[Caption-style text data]
________
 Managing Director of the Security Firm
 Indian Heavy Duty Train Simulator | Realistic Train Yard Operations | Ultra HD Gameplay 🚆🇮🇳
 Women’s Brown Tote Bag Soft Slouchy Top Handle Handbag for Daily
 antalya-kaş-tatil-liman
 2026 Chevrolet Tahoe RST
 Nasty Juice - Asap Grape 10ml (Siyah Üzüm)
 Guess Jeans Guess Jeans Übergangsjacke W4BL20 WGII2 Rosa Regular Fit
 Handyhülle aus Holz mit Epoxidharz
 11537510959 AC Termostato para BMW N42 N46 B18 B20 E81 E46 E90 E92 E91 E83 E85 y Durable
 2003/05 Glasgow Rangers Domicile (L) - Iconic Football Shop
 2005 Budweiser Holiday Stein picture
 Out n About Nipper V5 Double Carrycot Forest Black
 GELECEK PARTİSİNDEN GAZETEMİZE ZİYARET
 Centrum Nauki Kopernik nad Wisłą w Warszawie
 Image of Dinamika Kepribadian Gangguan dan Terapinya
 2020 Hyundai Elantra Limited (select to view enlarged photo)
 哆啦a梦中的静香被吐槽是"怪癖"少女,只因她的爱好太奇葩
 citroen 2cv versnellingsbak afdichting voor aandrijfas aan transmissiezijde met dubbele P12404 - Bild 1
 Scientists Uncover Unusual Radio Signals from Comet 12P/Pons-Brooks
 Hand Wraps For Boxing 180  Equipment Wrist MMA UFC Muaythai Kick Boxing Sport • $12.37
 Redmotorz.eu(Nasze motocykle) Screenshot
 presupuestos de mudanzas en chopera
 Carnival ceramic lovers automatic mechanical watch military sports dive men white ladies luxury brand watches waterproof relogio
________
** Task statement **
Given the records above, reproduce precisely and only the lines between the line holding "Women’s Brown Tote" and the line holding "Handyhülle aus Holz mit Epoxidharz", inclusive.

** Response area **
 Women’s Brown Tote Bag Soft Slouchy Top Handle Handbag for Daily
 antalya-kaş-tatil-liman
 2026 Chevrolet Tahoe RST
 Nasty Juice - Asap Grape 10ml (Siyah Üzüm)
 Guess Jeans Guess Jeans Übergangsjacke W4BL20 WGII2 Rosa Regular Fit
 Handyhülle aus Holz mit Epoxidharz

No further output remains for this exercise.